Schmidt also cited the ability of attackers to launch reverse shells using CORS and tools such as ‘Shell of the Future’.

He said there was no server-side countermeasure against the CORS exploits.

The potential for bypassing access controls could be minimised by restricting CORS requests to allowed domains defined in Access-Control-Allow-Origin headers. Access controls should not be based on origin headers.

To mitigate DoS attacks, Web Application Firewalls need to block CORS requests that arrive en masse.

Schmidt wrote that Offline Web Applications in HTML5 make attacks including cache poisoning more powerful. “The security boundaries [have] moved. The target of attacking web application was not limited to the server-side; attacking the client-side part of Offline Web Application was possible as well.”

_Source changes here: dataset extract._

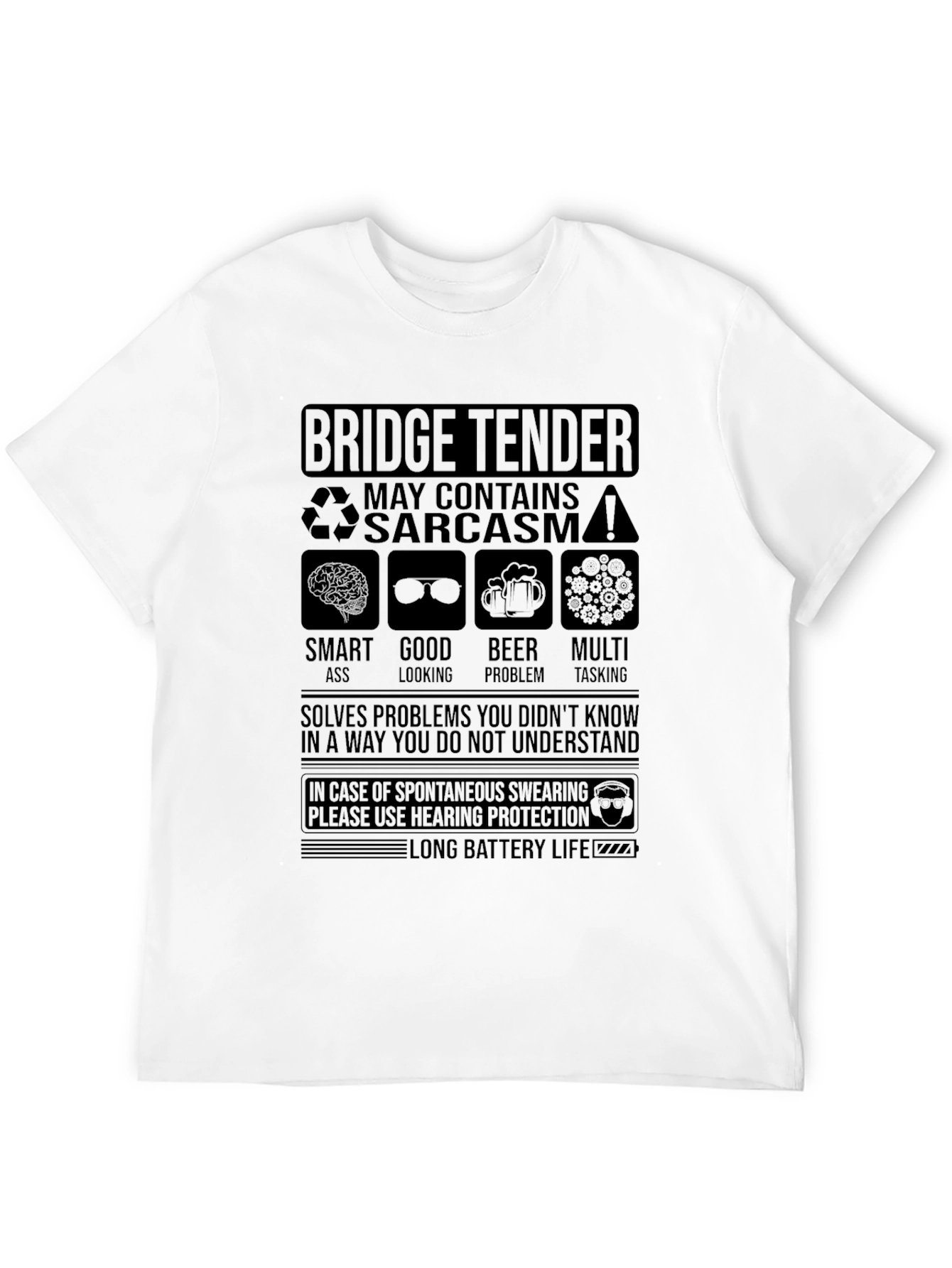 Bridge Tender Sarcastic Humor Graphic T-Shirt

There were two advantages attacks against offline web apps have over existing HTML attacks. The first was that HTML5 will load directly from the UA cache while in previous HTML installations server requests were made, allowing malicious cache content to be loaded.

The second, a beefed-up man-in-the-middle attack, could happen if the root directory of an SSL website was cached. An insecure connection would need to be initiated and the user would then need to click through an insecure certificate warning.  The malicious application could then later hijack legitimate SSL sessions.

Users must clear their cache to remain protected, Schmidt wrote.